Chinese UK Property Grab Pushes Brits Out of the Market

Chinese UK Property Grab Pushes Brits Out of the Market

British buyers are increasingly being priced out of the UK property market by foreign investors, particularly the Chinese. The latest example, as reported in the Daily Mail, is the seven acre RAM Brewery development in Central London, which will be marketed exclusively to foreign buyers.

The increase in foreign interest in UK property is leading to a boom in property prices of 30 percent in some parts of London. The Bank of China is so keen on encouraging this sort of foreign investment that it now offers mortgages in Pounds Sterling.

Some of the Chinese investors are said to use the properties as second homes, but most are either the parents of university students or are buy-to-let landlords. As a result, they tend to favour city centre locations where young professionals and students rent.

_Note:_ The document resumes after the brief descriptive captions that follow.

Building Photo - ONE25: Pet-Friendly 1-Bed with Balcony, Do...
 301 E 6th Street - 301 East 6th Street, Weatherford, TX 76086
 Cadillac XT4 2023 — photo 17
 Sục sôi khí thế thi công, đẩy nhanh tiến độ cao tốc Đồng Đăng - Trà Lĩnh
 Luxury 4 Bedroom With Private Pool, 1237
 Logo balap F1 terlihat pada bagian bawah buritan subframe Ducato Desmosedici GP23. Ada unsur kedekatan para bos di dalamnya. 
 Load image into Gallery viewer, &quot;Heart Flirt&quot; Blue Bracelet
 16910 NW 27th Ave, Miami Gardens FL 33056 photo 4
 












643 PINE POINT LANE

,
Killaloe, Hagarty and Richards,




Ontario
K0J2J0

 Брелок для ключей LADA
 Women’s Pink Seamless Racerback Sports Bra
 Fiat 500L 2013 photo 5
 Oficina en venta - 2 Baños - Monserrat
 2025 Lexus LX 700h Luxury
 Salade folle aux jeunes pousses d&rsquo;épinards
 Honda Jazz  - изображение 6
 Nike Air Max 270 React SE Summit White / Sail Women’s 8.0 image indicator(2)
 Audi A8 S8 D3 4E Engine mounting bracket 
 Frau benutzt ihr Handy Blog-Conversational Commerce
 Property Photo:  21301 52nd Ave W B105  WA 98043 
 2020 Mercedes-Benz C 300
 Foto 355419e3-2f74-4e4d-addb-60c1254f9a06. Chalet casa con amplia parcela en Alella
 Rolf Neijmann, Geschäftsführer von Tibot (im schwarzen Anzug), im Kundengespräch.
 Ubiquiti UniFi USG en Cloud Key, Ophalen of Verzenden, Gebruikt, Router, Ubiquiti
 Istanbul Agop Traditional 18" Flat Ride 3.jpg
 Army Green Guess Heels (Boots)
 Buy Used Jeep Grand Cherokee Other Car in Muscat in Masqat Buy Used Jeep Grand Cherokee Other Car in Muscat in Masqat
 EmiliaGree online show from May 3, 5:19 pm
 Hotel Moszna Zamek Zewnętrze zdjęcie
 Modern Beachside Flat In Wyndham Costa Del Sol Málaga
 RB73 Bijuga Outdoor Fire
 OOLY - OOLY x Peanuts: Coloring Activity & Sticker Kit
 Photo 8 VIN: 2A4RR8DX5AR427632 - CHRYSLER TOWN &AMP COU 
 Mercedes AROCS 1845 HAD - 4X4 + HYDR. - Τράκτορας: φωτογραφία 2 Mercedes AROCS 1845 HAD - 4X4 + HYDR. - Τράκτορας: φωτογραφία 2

In Birmingham, 30 percent of new property at The Cube has been snapped up by foreign buyers, leaving Brits to rent them back at a premium. The problem is further exacerbated because mortgage approvals in Britain fell through the floor after the 2008 financial crisis.

Michael Sacks of property development firm Sequre told the Mail: “New-build apartment blocks in Britain’s city centre are being bought en masse and then re-sold overseas, mostly to the Chinese, for significantly more than what they are actually worth. 

“This is reminiscent of 2007, just before the property crash, when people were buying property without doing their due diligence and simply believing the sales hype that the market is booming.”

Angela Lin of JA One, a firm helping Chinese investors to find property in London: “People in China want to invest in the UK because it has steady growth.”

The actions of Chinese investors are in sharp contrast to the US backed development at Embassy Gardens Vauxhall, London. This whole new district will have a new underground (Tube) station built on former industrial land. The project is to create a whole new community of owner-occupiers in properties surrounding the new American Embassy to London.

The US State Department is expecting to make millions from selling their Grosvenor Square Embassy and building a new state of the art facility in Vauxhall. This is part of a wider policy dreamt up by the Bush administration to save money, improve security and update facilities.

London has long been a destination for super-rich foreigners, especially Russians and Arabs. But the impact of this immigration was previously confined to super-rich areas such as Knightsbridge. The new trend is to snap up mid-range properties that average Britons would previously have bought.